Greatest hits album by Dan Seals
- Released: October 20, 1987
- Genre: Country
- Length: 41:10
- Label: Capitol
- Producer: Kyle Lehning

Dan Seals chronology
| On the Front Line (1986) | The Best (1987) | Rage On (1988) |

Singles from The Best
- "One Friend" Released: September 1987;

= The Best (Dan Seals album) =

The Best is the first compilation album by American country music artist Dan Seals. It features his highest charting songs from his previous four albums beginning with Rebel Heart (1983). The album has been certified platinum.
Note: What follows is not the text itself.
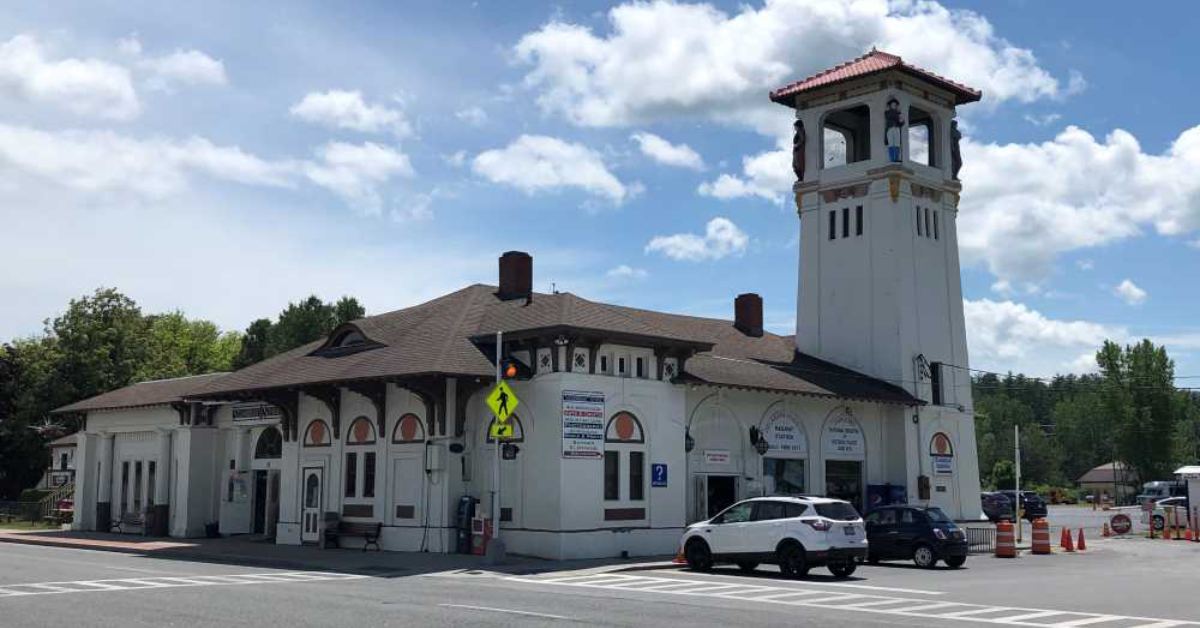 Historic building and shops along Beach Road in Lake George with tower and village streetscape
The new track, "One Friend" was originally found on his 1984 album San Antone, and was re-recorded for this album, and was released as a single and became his seventh number one song in a row.

Professional ratings
Review scores
| Source | Rating |
| Allmusic | Star |

==Track listing==

| No. | Title | Writer(s) | Length |
|---|---|---|---|
| 1. | "Three Time Loser" | Dan Seals | 3:04 |
| 2. | "God Must Be a Cowboy" | Seals | 3:05 |
| 3. | "My Baby's Got Good Timing" | McDill, Seals | 3:27 |
| 4. | "You Still Move Me" | Seals | 5:07 |
| 5. | "Bop" | Jennifer Kimball, Paul Davis | 3:45 |
| 6. | "Everything That Glitters (Is Not Gold)" | Seals, Bob McDill | 4:50 |
| 7. | "Meet Me in Montana" (duet with Marie Osmond) | Davis | 3:54 |
| 8. | "(You Bring Out) The Wild Side of Me" | Seals | 3:21 |
| 9. | "My Old Yellow Car" | Thom Schuyler | 3:36 |
| 10. | "I Will Be There" | Tom Snow, Jennifer Kimball | 3:49 |
| 11. | "One Friend" | Seals | 3:13 |

== Personnel on Track 11 ==
Adapted from liner notes.

- Dan Seals – lead and backing vocals, acoustic guitar
- Dennis Burnside – acoustic piano
- Shane Keister – synthesizers
- Larry Byrom – electric guitar
- Mark Casstevens – acoustic guitar
- Steve Gibson – acoustic guitar
- Jack Williams – bass guitar
- Eddie Bayers – drums
- Scott Kaufman – percussion
- Bergen White – string arrangements
- The Nashville String Machine – strings
- Marshall Morgan – tracking engineer
- Kyle Lehning – mix engineer, overdub engineer
- Kirt Odle – mix engineer, overdub engineer
- Track recorded at Audio Media Recorders (Nashville, Tennessee).
- Overdubbed and Mixed at Morningstar Sound Studio (Hendersonville, Tennessee).

Additional credits
- Doug Sax – mastering at The Mastering Lab (Hollywood, California)
- Bonnie Rasmussen – album project coordinator
- Virginia Team – art direction
- Jerry Joyner – design
- Larry Dixon – photography
- Vanessa Ware – stylist
- Larry Gottlieb – management

==Charts==

===Weekly charts===

| Chart (1987–1988) | Peak position |
|---|---|
| US Top Country Albums (Billboard) | 7 |

===Year-end charts===

| Chart (1988) | Position |
|---|---|
| US Top Country Albums (Billboard) | 25 |
| Chart (1991) | Position |
| US Top Country Albums (Billboard) | 63 |

==Certifications==

| Region | Certification | Certified units/sales |
| Canada (Music Canada) | Gold | 50,000^{^} |
| United States (RIAA) | Platinum | 1,000,000^{^} |
^{^} Shipments figures based on certification alone.